To be clear: I'm not currently personally sold on the hypothesis that I owe people a bunch of warnings. I think of them as more of a sensible thing to do; it'd be lovely if everyone was building explicit models of their conversational failure-modes and proactively sharing them, and I'm a be-the-change-you-wanna-see-in-the-world sort of guy.
(Perhaps by the end of this whole conversation I will be sold on that hypothesis! I've updated in that direction over the past couple days.)
(To state the obvious: I endorse MIRI institutionally acting according to others' conclusions on that matter rather than on mine, hence asking Malo to consider it independently.)
Do I have your permission to quote the relevant portion of your email to me?

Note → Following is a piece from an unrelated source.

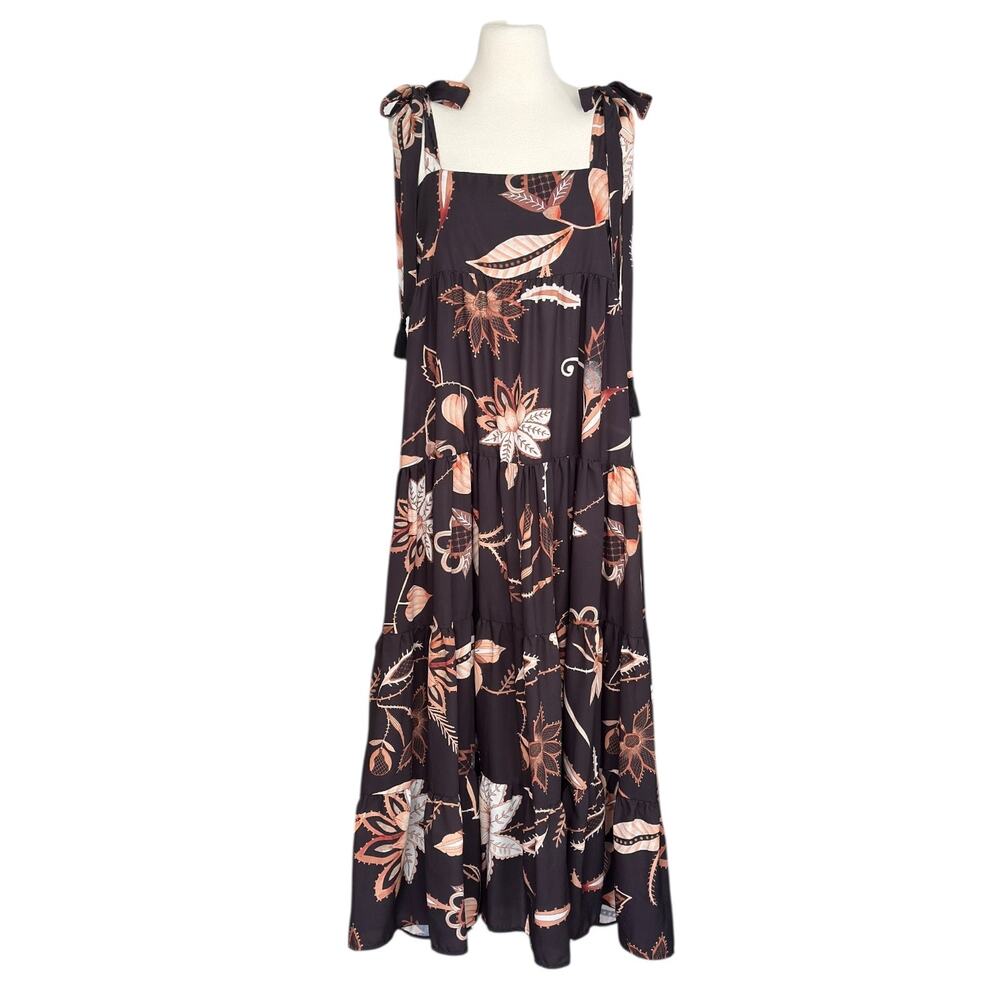 Anthropologie Encantadore Tanya CoverUp Midi Maxi Dress tiered boho resort Small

Yep! I've also just reproduced it here, for convenience:
(One obvious takeaway here is that I should give my list of warnings-about-working-with-me to anyone who asks to discuss their alignment ideas with me, rather than just researchers I'm starting a collaboration with. Obvious in hindsight; sorry for not doing that in your case.)
Agreed that the proposal is underspecified; my point here is not "look at this great proposal" but rather "from a theoretical angle, risking others' stuff without the ability to pay to cover those risks is an indirect form of probabilistic theft (that market-supporting coordination mechanisms must address)" plus "in cases where the people all die when the risk is realized, the 'premiums' need to be paid out to individuals in advance (rather than paid out to actuaries who pay out a large sum in the event of risk realization)". Which together yield the downstream inference that society is doing something very wrong if they just let AI rip at current levels of knowledge, even from a very laissez-faire perspective.
(The "caveats" section was attempting--and apparently failing--to make it clear that I wasn't putting forward any particular policy proposal I thought was good, above and beyond making the above points.)